De vuelta sucede ese cambio de hoja que abre las puertas para un comenzar que en muchos casos es una pertinente invitación a seguir escribiendo otras historias.
No es habitual el Año Nuevo (acontecimiento que sucede tan sólo una vez en 12 largos meses), pero esa subjetiva aceleración del tiempo -de días que no empiezan ni terminan, sino que se yuxtaponen arrebatadamente unos con otros- marca una tendencia que tiene algo de angustiosa melancolía inevitable: la vida pasa demasiado rápido.

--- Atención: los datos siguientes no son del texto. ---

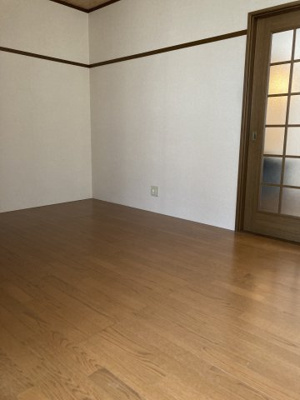 【洋室】 | コーポマイティ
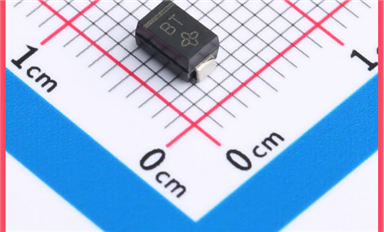 瞬态抑制二极管SMAJ18A：守护电子设备的稳健之心，立讯精密巨头加码智能终端布局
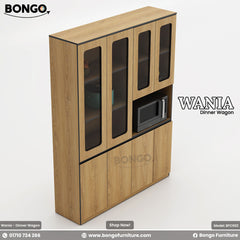 Wania - Dinner Wagon | BFC602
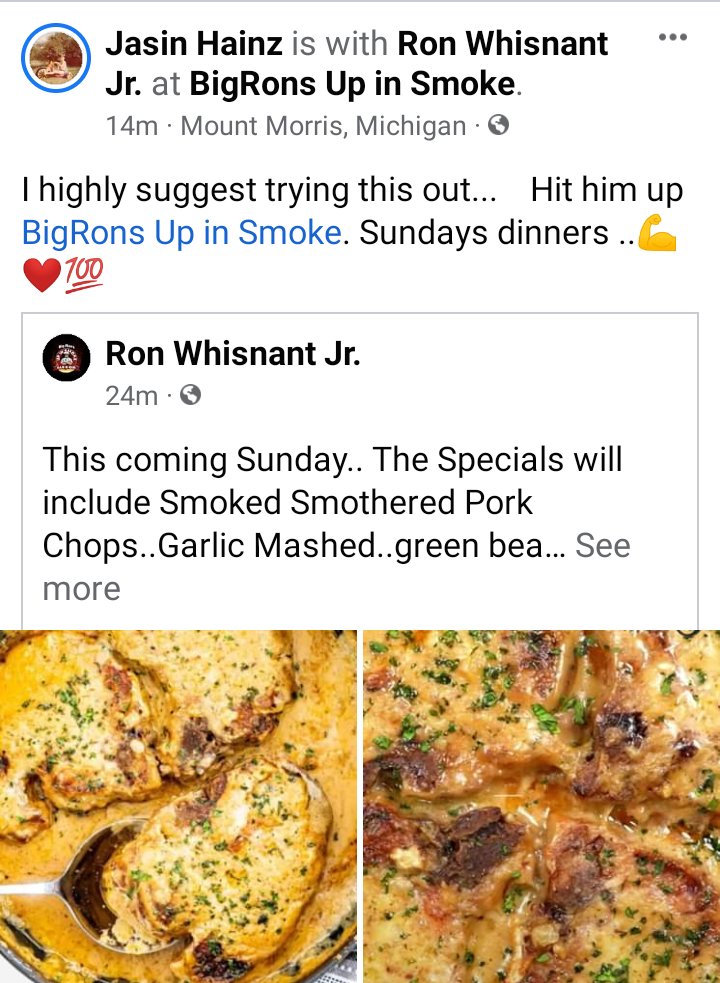 HainsJason's tweet photo. #Flintshire. #FIFAWorldCup #Rolex. #BBQ #Eatlocal. #foodblogger #MichiganFootball # https://t.co/FGQDEph1nZ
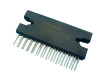 TB6560AHQ ; 3A Single Axis Stepper Motor Driver, SIL-25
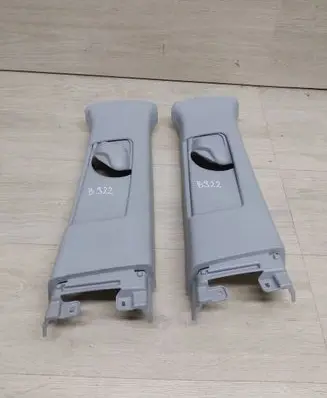 Toyota Auris E180 Other sill/pillar trim element 6241002220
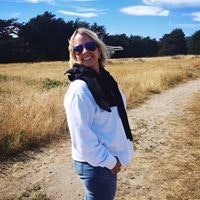 Karla Froese McQuain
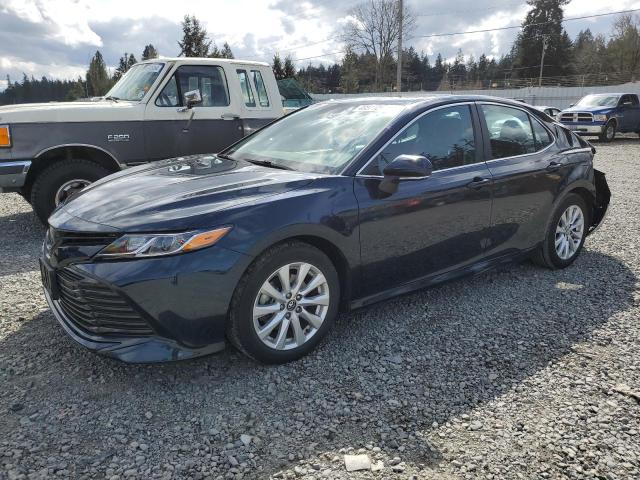 Obraz 1 z 2020 TOYOTA CAMRY LE 2020 z VIN 4T1L11AK8LU938272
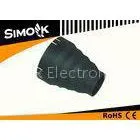 Snoot Set Plastic Black Photographer Studio Equipment / Photography Accesories thumbnail-1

En un abrir y cerrar de ojos, ya pasó la quinta parte de este siglo. Todo vaticinio que se haya hecho antes queda obsoleto en la actualidad; de igual manera, es difícil -casi terreno de la ciencia ficción- predecir qué sucederá en las próximas décadas. Allí habita la incertidumbre pero también la expectativa, esa paradójica simbiosis que interpela superlativamente a la humanidad entera.
Este año que ya ha dado sus inicios termina en cero, número que en la fisonomía puede indicar la perfección (la figura circular como la más armónica de todas las que existen) aunque también un vacío o una ausencia.
Dos pares de cifras confluyen: 2020 (veinte-veinte). En la repetición ocurre la afirmación convencida que no duda; pero también la recurrencia logra devenir dogmatismo o aburrimiento.
De todos modos, las formas de las cosas dependen de la impronta que cada cual quisiera darle.
En todo inicio hay una expectativa o florecer, un terreno fértil que -lejos de la connotación bélica de la conquista- permite diseñar nuevos caminos y sentar las bases de ilusiones que acompañen la dicha de despertar en esos amaneceres tan personales como propios.
No debería haber objeción de ingenuidad ni de desprecio a estos planteos.
A veces, se trata de la única y más digna manera de existir.
Se pasa una única vez por este mundo.
Hay que aprovecharlo.
Desde aquí, los mejores deseos para el almanaque que se estrena.